# DATA EXTRACT:
★ ★ ★ ★ ★

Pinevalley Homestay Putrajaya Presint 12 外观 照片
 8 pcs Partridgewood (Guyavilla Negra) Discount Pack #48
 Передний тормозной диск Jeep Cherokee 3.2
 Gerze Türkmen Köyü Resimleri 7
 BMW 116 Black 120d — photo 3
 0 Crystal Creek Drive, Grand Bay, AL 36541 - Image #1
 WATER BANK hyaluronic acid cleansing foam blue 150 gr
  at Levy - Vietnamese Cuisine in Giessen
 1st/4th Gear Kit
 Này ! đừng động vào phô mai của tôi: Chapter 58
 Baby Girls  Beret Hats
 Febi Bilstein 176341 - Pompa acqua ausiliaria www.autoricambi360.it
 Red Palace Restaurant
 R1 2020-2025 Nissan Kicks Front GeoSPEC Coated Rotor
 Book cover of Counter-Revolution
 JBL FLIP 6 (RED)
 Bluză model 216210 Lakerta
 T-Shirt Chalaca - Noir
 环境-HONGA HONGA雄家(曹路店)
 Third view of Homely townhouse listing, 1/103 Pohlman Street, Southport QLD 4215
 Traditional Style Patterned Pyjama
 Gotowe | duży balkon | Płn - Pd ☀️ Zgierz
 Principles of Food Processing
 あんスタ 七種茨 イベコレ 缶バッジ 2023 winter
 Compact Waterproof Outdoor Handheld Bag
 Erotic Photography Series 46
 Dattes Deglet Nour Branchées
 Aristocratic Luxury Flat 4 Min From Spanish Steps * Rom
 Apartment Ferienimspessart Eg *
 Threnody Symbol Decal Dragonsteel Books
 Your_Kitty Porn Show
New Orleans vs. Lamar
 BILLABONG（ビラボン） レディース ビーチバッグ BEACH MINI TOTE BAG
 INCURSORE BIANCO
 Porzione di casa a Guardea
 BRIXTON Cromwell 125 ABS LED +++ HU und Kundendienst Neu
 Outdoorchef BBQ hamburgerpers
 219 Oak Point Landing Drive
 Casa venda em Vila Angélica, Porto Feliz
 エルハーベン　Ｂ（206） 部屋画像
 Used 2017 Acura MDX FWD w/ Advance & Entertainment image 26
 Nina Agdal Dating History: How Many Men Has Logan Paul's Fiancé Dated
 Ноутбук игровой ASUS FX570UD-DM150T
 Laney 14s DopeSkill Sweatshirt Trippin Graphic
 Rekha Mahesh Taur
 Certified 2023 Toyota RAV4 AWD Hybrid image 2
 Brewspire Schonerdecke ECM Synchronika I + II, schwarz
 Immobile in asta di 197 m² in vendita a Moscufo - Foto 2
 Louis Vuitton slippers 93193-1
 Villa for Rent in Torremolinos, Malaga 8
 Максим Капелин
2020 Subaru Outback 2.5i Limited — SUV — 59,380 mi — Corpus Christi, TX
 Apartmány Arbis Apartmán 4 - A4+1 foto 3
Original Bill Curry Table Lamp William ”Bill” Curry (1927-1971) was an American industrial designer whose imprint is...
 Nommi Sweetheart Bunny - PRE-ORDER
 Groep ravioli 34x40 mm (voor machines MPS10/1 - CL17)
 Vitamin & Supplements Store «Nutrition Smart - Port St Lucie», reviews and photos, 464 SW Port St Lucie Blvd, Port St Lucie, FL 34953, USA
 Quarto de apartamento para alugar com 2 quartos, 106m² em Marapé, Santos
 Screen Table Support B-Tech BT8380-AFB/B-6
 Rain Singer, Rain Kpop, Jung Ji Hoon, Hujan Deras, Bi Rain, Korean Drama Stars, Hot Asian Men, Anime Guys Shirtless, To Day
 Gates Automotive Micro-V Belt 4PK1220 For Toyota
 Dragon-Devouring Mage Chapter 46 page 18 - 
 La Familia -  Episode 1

★ ★ ★ ★ ★

# ABOUT THIS EXERCISE:
The answer should consist of every record above, copied exactly.

# ANSWER TO THIS EXERCISE:
Pinevalley Homestay Putrajaya Presint 12 外观 照片
 8 pcs Partridgewood (Guyavilla Negra) Discount Pack #48
 Передний тормозной диск Jeep Cherokee 3.2
 Gerze Türkmen Köyü Resimleri 7
 BMW 116 Black 120d — photo 3
 0 Crystal Creek Drive, Grand Bay, AL 36541 - Image #1
 WATER BANK hyaluronic acid cleansing foam blue 150 gr
  at Levy - Vietnamese Cuisine in Giessen
 1st/4th Gear Kit
 Này ! đừng động vào phô mai của tôi: Chapter 58
 Baby Girls  Beret Hats
 Febi Bilstein 176341 - Pompa acqua ausiliaria www.autoricambi360.it
 Red Palace Restaurant
 R1 2020-2025 Nissan Kicks Front GeoSPEC Coated Rotor
 Book cover of Counter-Revolution
 JBL FLIP 6 (RED)
 Bluză model 216210 Lakerta
 T-Shirt Chalaca - Noir
 环境-HONGA HONGA雄家(曹路店)
 Third view of Homely townhouse listing, 1/103 Pohlman Street, Southport QLD 4215
 Traditional Style Patterned Pyjama
 Gotowe | duży balkon | Płn - Pd ☀️ Zgierz
 Principles of Food Processing
 あんスタ 七種茨 イベコレ 缶バッジ 2023 winter
 Compact Waterproof Outdoor Handheld Bag
 Erotic Photography Series 46
 Dattes Deglet Nour Branchées
 Aristocratic Luxury Flat 4 Min From Spanish Steps * Rom
 Apartment Ferienimspessart Eg *
 Threnody Symbol Decal Dragonsteel Books
 Your_Kitty Porn Show
New Orleans vs. Lamar
 BILLABONG（ビラボン） レディース ビーチバッグ BEACH MINI TOTE BAG
 INCURSORE BIANCO
 Porzione di casa a Guardea
 BRIXTON Cromwell 125 ABS LED +++ HU und Kundendienst Neu
 Outdoorchef BBQ hamburgerpers
 219 Oak Point Landing Drive
 Casa venda em Vila Angélica, Porto Feliz
 エルハーベン　Ｂ（206） 部屋画像
 Used 2017 Acura MDX FWD w/ Advance & Entertainment image 26
 Nina Agdal Dating History: How Many Men Has Logan Paul's Fiancé Dated
 Ноутбук игровой ASUS FX570UD-DM150T
 Laney 14s DopeSkill Sweatshirt Trippin Graphic
 Rekha Mahesh Taur
 Certified 2023 Toyota RAV4 AWD Hybrid image 2
 Brewspire Schonerdecke ECM Synchronika I + II, schwarz
 Immobile in asta di 197 m² in vendita a Moscufo - Foto 2
 Louis Vuitton slippers 93193-1
 Villa for Rent in Torremolinos, Malaga 8
 Максим Капелин
2020 Subaru Outback 2.5i Limited — SUV — 59,380 mi — Corpus Christi, TX
 Apartmány Arbis Apartmán 4 - A4+1 foto 3
Original Bill Curry Table Lamp William ”Bill” Curry (1927-1971) was an American industrial designer whose imprint is...
 Nommi Sweetheart Bunny - PRE-ORDER
 Groep ravioli 34x40 mm (voor machines MPS10/1 - CL17)
 Vitamin & Supplements Store «Nutrition Smart - Port St Lucie», reviews and photos, 464 SW Port St Lucie Blvd, Port St Lucie, FL 34953, USA
 Quarto de apartamento para alugar com 2 quartos, 106m² em Marapé, Santos
 Screen Table Support B-Tech BT8380-AFB/B-6
 Rain Singer, Rain Kpop, Jung Ji Hoon, Hujan Deras, Bi Rain, Korean Drama Stars, Hot Asian Men, Anime Guys Shirtless, To Day
 Gates Automotive Micro-V Belt 4PK1220 For Toyota
 Dragon-Devouring Mage Chapter 46 page 18 - 
 La Familia -  Episode 1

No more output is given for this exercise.